LOUISE NEALON

Louise Nealon lives on a dairy farm in Kildare with her family. Snowflake (Manilla, May) is a coming-of-age tale about a young woman who struggles to cope when she moves away from her family farm and steps into life in Trinity College Dublin.

What was the hardest thing about writing Snowflake?
The thought of sitting down to write is not very appealing to me, which is unfortunate, as well as embarrassing, for a person who calls herself a writer. When I was working on Snowflake, I had to constantly confront my own insecurities. Every day without fail, my inner critic would remind me that I couldn’t string a sentence together. The moment I finished the last sentence of that first draft was miraculous. It was the best moment of my life.

And the easiest?
Getting to work with the characters. It took a long time for me to get to know them, but once they came alive, they really helped me to get over myself. The story was never about me. It’s all theirs.

In 2020, Snowflake was acquired in a six-figure deal, and TV and film rights subsequently bought by Element Pictures. What was that like?
It was mad. I’m still trying to process it. All of this is beyond any of my wildest dreams. I have no idea how the publishing industry works so I didn’t know what to expect. I had braced myself for the idea that no one would want to publish the novel. The best thing was being able to celebrate with my family. They have always supported me and believed that I could make a career out of writing.

MEGAN NOLAN

Meg Nolan. Photograph: Lynn Rothwell
Megan Nolan. Photograph: Lynn Rothwell

Waterford native Megan Nolan now lives in London and is a columnist for the New Statesman. Acts of Desperation (Jonathan Cape, March) is about a woman’s unravelling through a doomed relationship with a beautiful man.

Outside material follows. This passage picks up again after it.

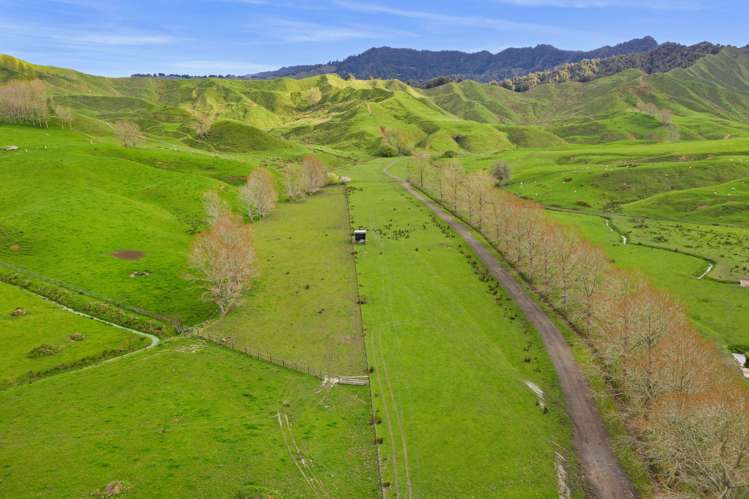 486 Ngatarawa Road Mahoenui_20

What made you want to write this book?
I started writing it when I was 26 and had come out of a long-term relationship. When that ended it shook a lot of my convictions about what love was like, and also the possibilities of what you could do with your life – what you should be doing as a woman. What made me want to write this book was trying to sort out for myself, and hopefully for others, those questions about what place romance has in your life, and what to do when it becomes too much.

What are your strengths on the page?
I think my strength is … I don’t mean “unfiltered” as in it’s not considered, but I guess there’s an immediacy to the way I write. When I started, I didn’t have a theory of what was good, or a style I wanted to ape. Almost every writer I liked, I thought, I’ll never be able to write that way, so I’ll just have to do the most natural thing. And I think there’s some intimacy to my writing that connects with people.

How do you keep going as a writer?
That’s such a hard question. We didn’t sell the book in advance. Nobody was beating down the door looking for the manuscript. And honestly, I think what kept me going was that I never expected to make a big windfall from writing, or to have fame, or success. I just thought, if you keep going, and you’re good, people will read it. Also, I had the experience of growing up around my dad, who’s a writer. But he’s a jobbing writer. I think it was having the example of someone who’s very successful and talented but for whom it’s a slog to make the bills, as it is for everyone, and knowing you have to treat it like a job and keep ticking away. I find it dangerous to think, Oh, if I work hard enough, then I’ll make it, and that’s the end of my journey. That’s when the writing gets the most boring.

MEL O’DOHERTY

Mel O’Doherty
Mel O’Doherty

Mel O’Doherty is an English teacher who lives in Douglas, Cork. Fallen (Bluemoose, June) is about the tragedy of a woman whose child was left to die in mother and baby home Bessborough House.

What research/inspiration informed Fallen?
I was stunned and outraged with the scale and systemic nature of the abuse in residential institutions. This was all unfolding in the late 1990s. My brother had been working part time as a security guard in the abandoned convent in Sunday’s Well. This was, of course, a notorious Magdalene laundry for more than 100 years. I decided to accompany him a number of nights, the two of us walking through the silence with flashlights. Your whispers echo in the halls; the bats, rats, broken religious statues, rows of sinks. I became deeply interested in those places, the lives within. My research brought me to Bessborough mother and baby home in Cork. My wife and I were walking in the grounds one day in early 2014, discussing a novel I had been working on and struggling with. She looked up at the facade of the convent and said: “Why don’t you write a novel about this place?” I started the following morning. But that summer, the Tuam scandal broke, which changed everything, including my novel. Fallen became a tragic tale of a fictional Cork family, set against a nation’s crime and its unearthing.

What are you most looking forward to this year?
I’m looking forward to setting these characters free into the world. I’m proud of the novel and excited to see how others receive it. What you come up with on the page is deeply personal, but those characters are only yours for so long, and then they belong to everyone.